In Ancient Rome, Children’s Shoes Were a Status Symbol
From a trove of ancient Roman footwear, a rethinking of military life
As the Roman Empire expanded out across Europe and northern Africa, military bases filled with Roman soldiers working to maintain the empire’s borders. Within the walls of these bases, men—and for the most part, only men—lived within a strictly stratified social structure. The standard view holds that, since military men were not allowed to get married, Roman forts were a bastion of testosterone with no women nor children in sight.
A few years ago, evidence of women’s and children’s shoes collected from sites near ancient Roman bases upended this traditional view. Using a scientific mapping approach to analyze the ancient shoes, archaeologist Penelope Allison argued that “these military bases were not exclusively male domains, that women were involved in a number of roles inside their walls, and that traditional perspectives on the socio-spatial arrangements of military life in the early Roman Empire are fallacious.”
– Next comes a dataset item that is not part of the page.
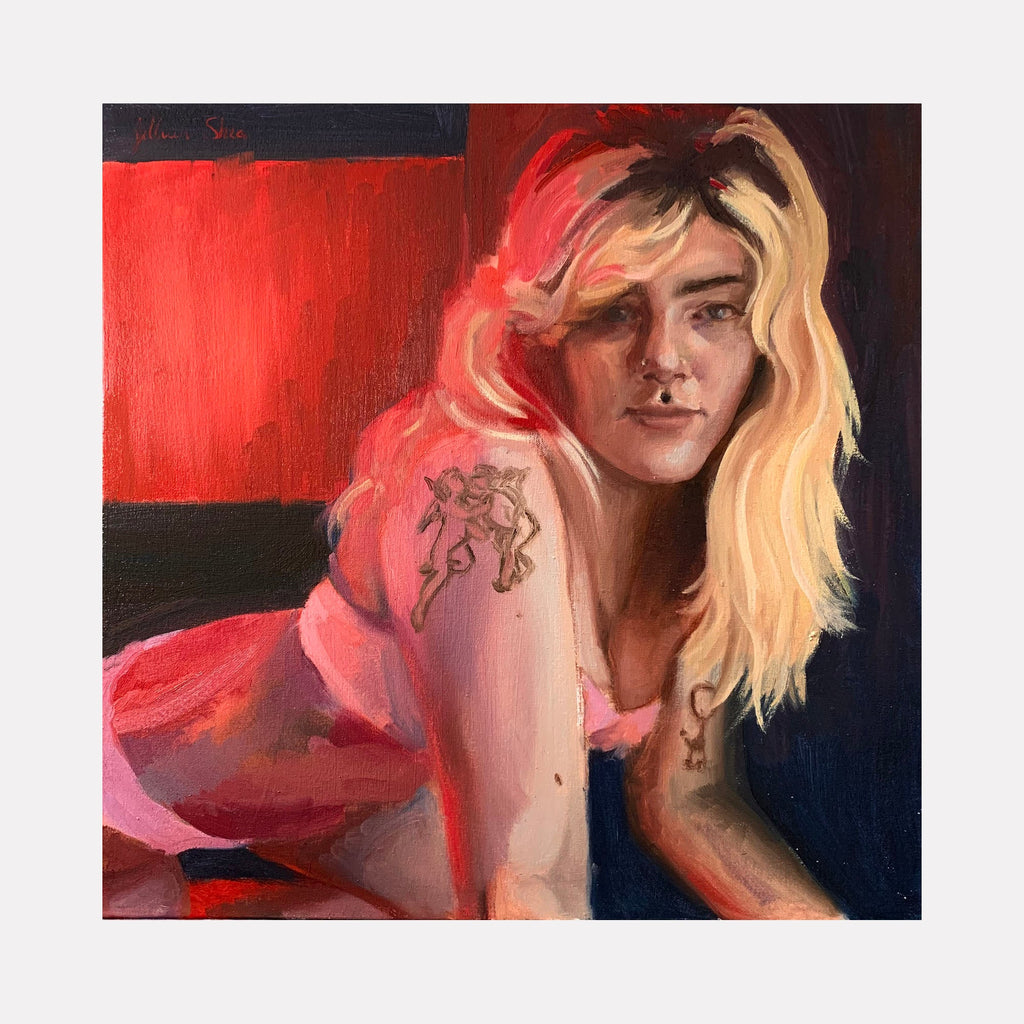 The artwork 'Electric Red' features a contemporary oil painting with vibrant red background and soft pink tones. The composition shows a figure against a dark backdrop, with dramatic lighting and expressive brushwork capturing movement and emotion. The 20x20 inch canvas demonstrates masterful color transitions and modern portraiture techniques by Jillian Shea.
Now, on-going research by University of Western Ontario archaeologist Elizabeth Greene at an old Roman fort in England suggests that women and children weren’t only present in military bases, but that they could have played an important role in the fort’s social structure. Based on more excavated shoes, Greene found that the footwear was not one-size-fits-all. Rather, she suggests that children’s shoes reflected their social status—the inherited status of their parents. Stephanie Pappas for Live Science:
Greene and her colleagues traced what types of children’s shoes were found where. They discovered that the decorations on the shoes corresponded to the places they were uncovered. In the barracks, for example, children’s shoes mimicked the common boot of adult soldiers.
In the quarters of the base’s commander, the team found “an elaborate infant shoe in the exact style of a high-status man’s boot.”
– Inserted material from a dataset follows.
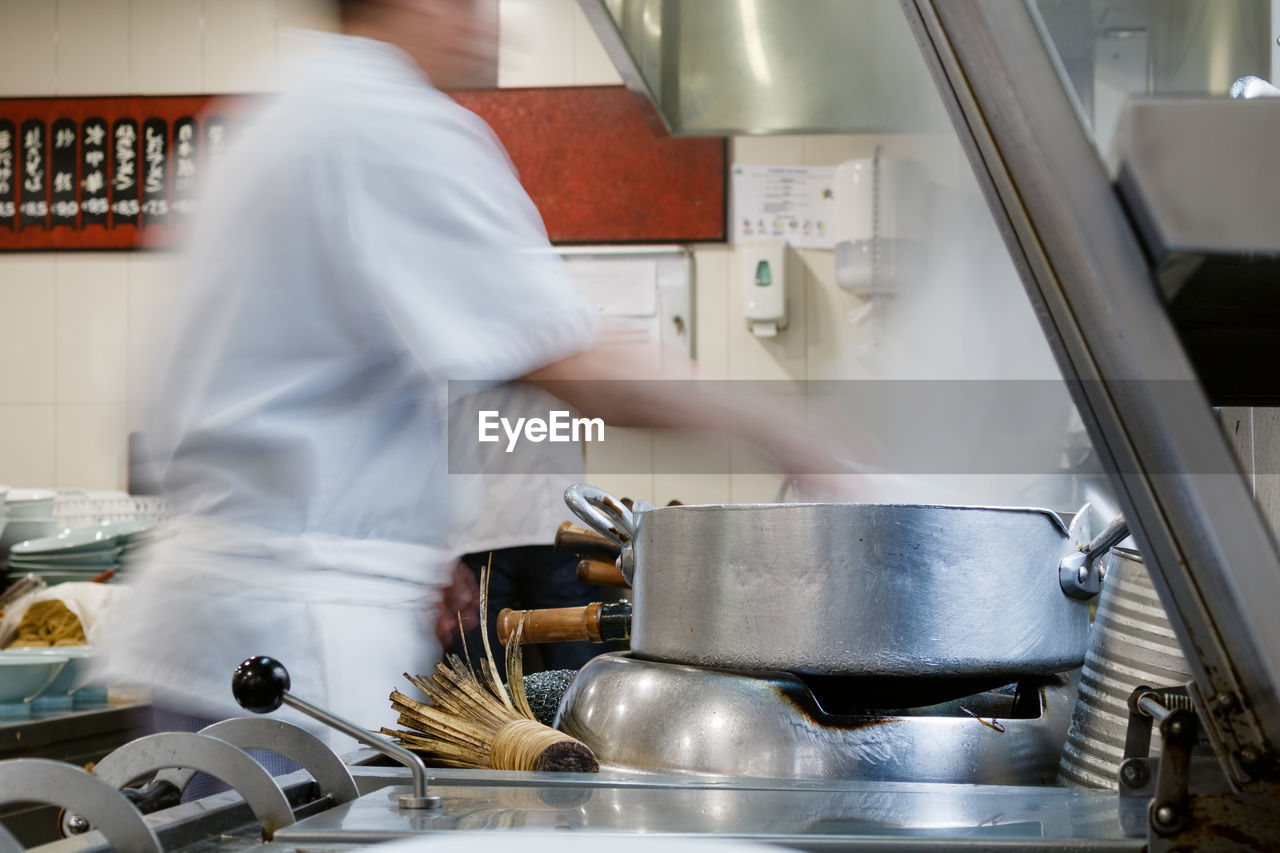 MIDSECTION OF MAN WORKING IN KITCHEN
The shoe is for a child too young to walk, but it boasts a full set of iron studs on the sole, just as a man’s boot would. The expensive material suggests the shoe was high quality, Greene said. The upper part of the shoe is leather, cut into an elaborate fishnet pattern. Not only does the pattern show off workmanship, it would have revealed colored socks underneath, which the ancient Romans also used to denote status.
Greene, in a release, said:
Shoes are very important in the Roman world. One of the things about the Roman world is that sartorial symbols mean everything. They indicate to everyone who you are and what you are. So, what I find very interesting is that even a tiny infant shoe replicates an adult male’s shoe to a T.